» Available records:
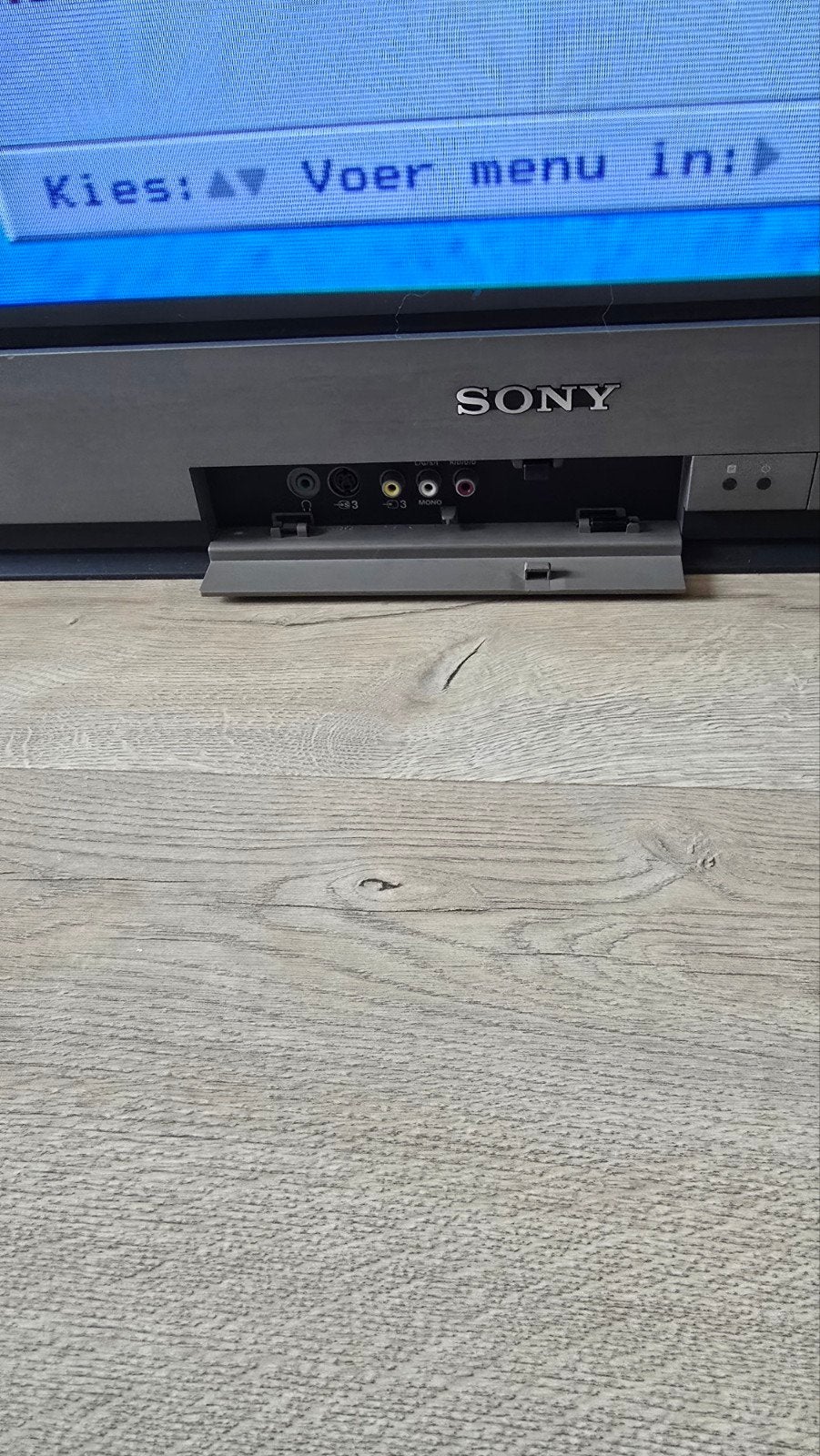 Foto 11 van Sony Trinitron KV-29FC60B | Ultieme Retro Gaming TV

* * *

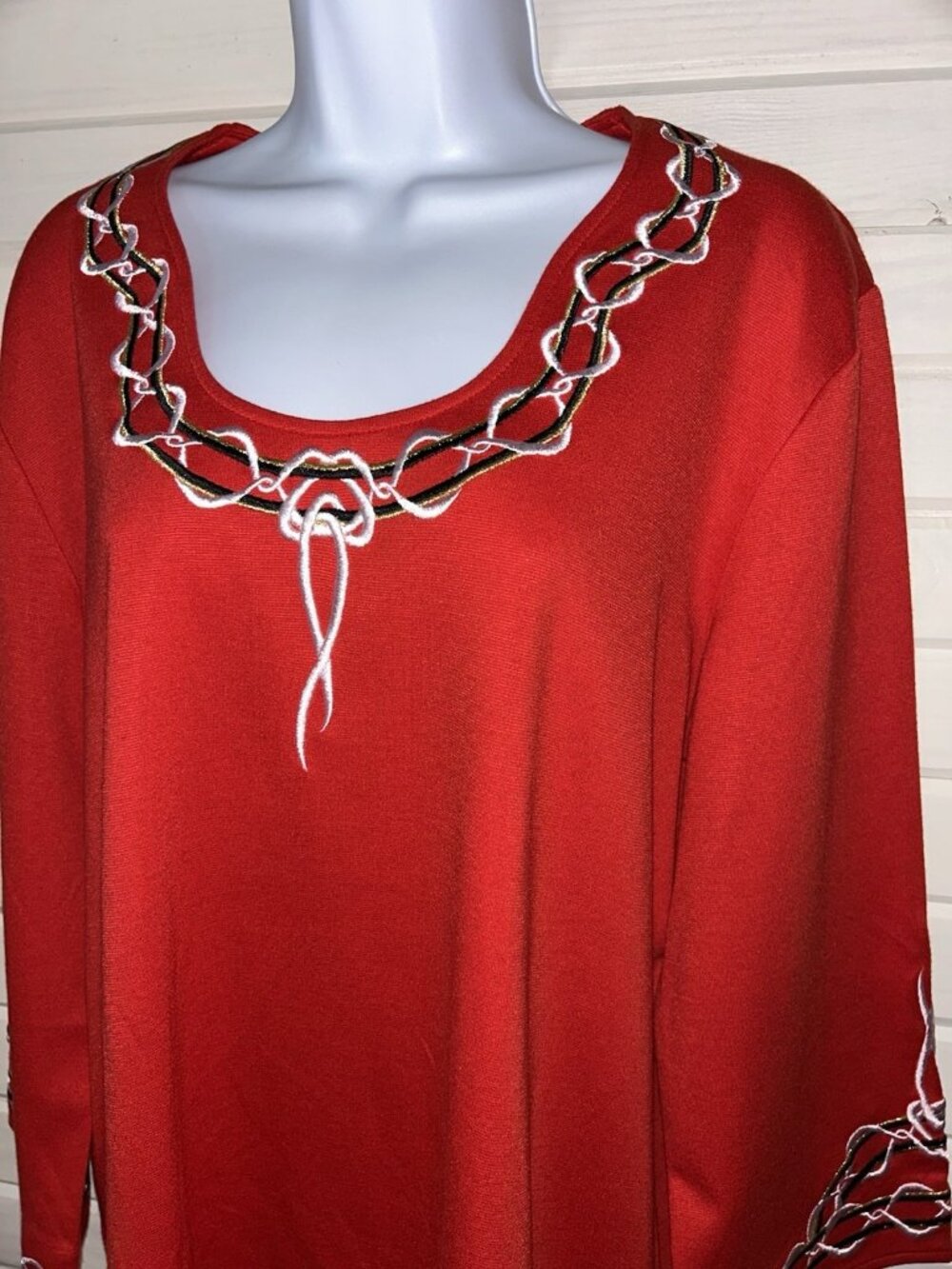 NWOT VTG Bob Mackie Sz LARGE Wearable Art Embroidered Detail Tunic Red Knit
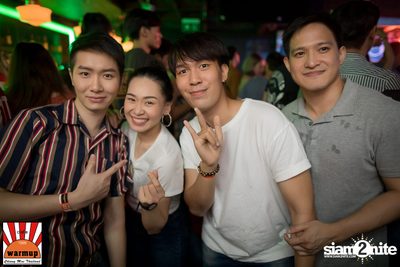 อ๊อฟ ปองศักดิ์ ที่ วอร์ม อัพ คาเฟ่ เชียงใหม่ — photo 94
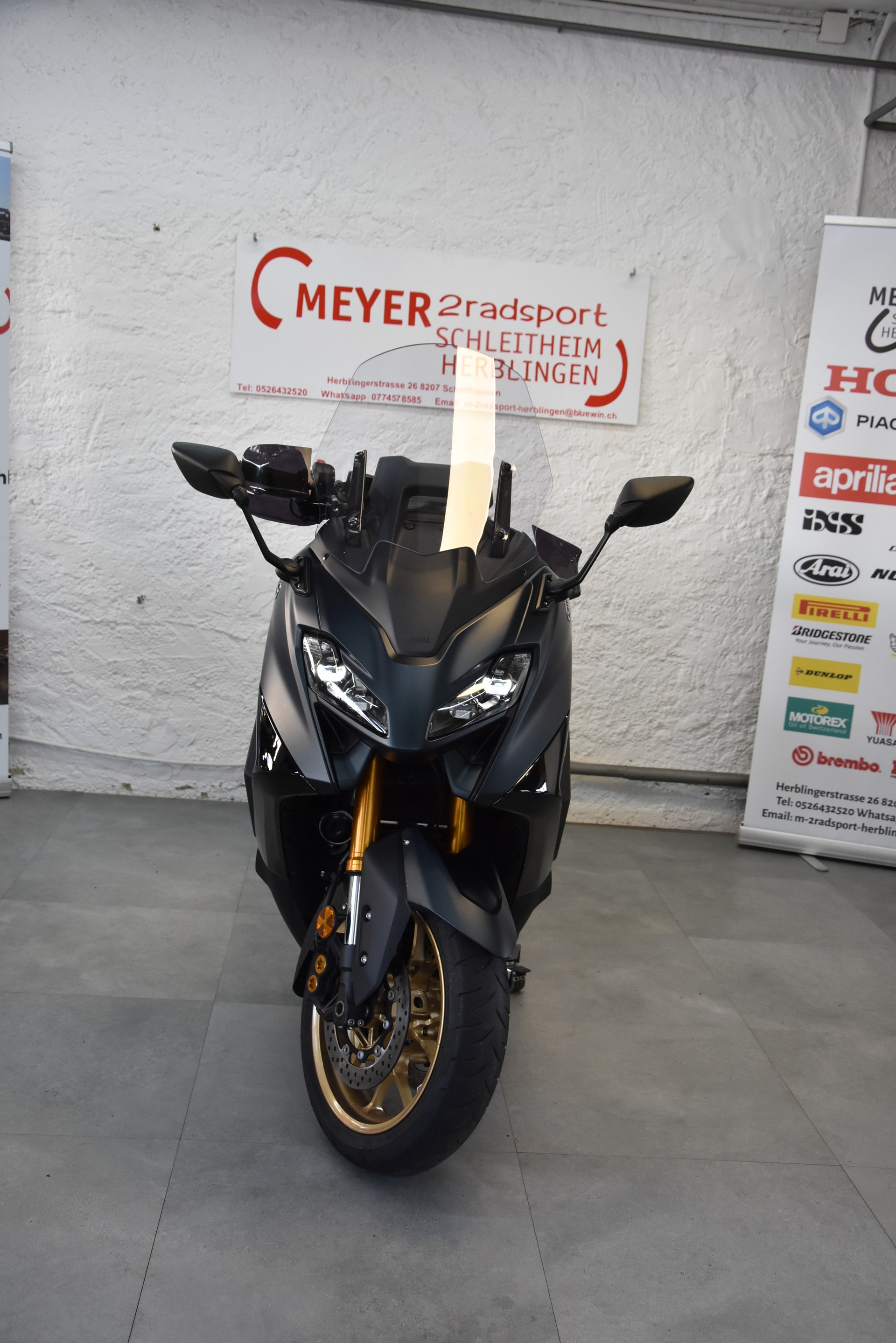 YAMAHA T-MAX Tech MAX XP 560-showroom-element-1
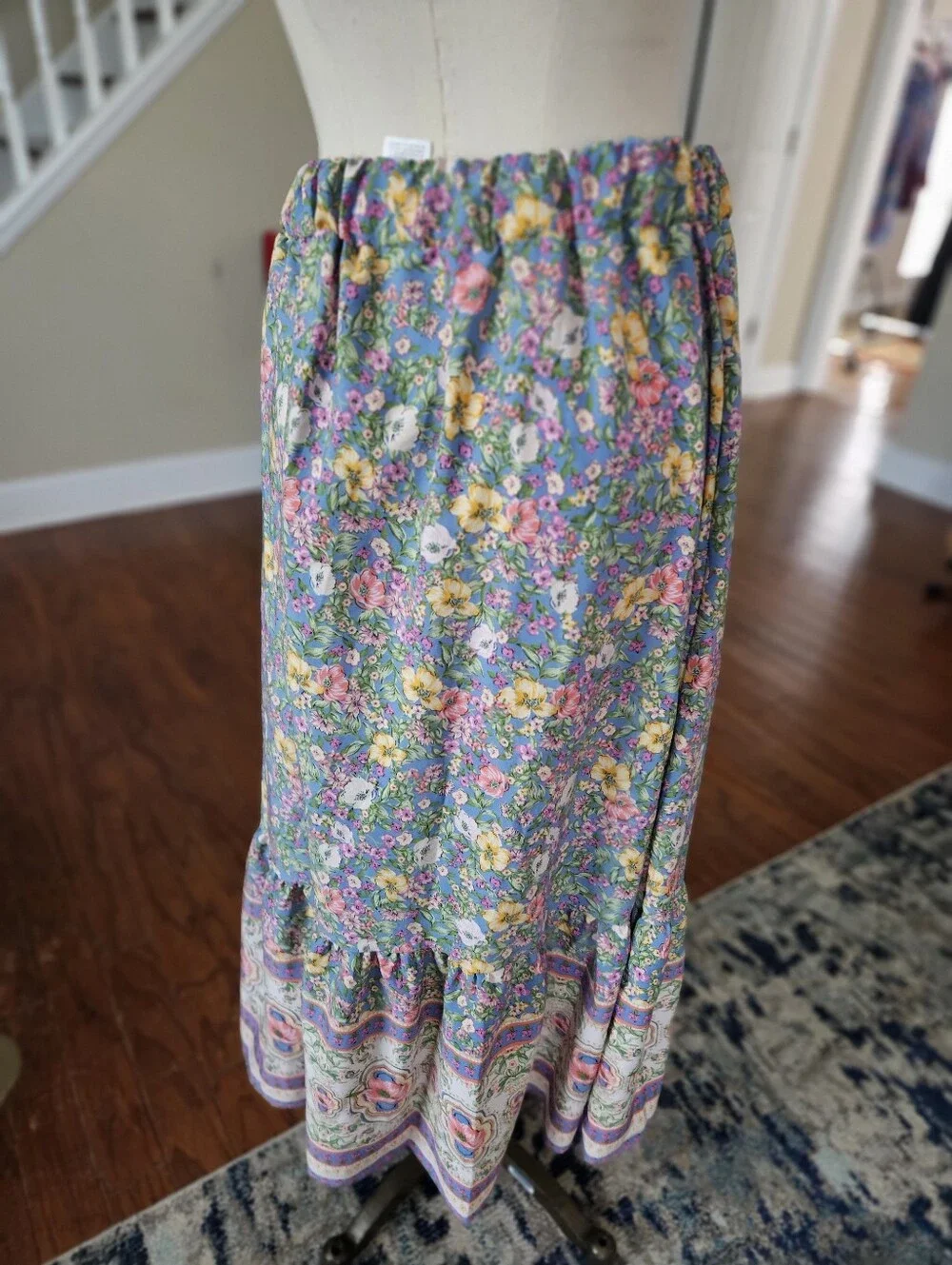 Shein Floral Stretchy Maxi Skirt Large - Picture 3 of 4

» What you are asked to do: Line for line, output the entries above from the line with "YAMAHA T-MAX Tech" to the line with "Shein Floral Stretchy", both included, and nothing more. Skip pictures.

» The completed task:
 YAMAHA T-MAX Tech MAX XP 560-showroom-element-1
 Shein Floral Stretchy Maxi Skirt Large - Picture 3 of 4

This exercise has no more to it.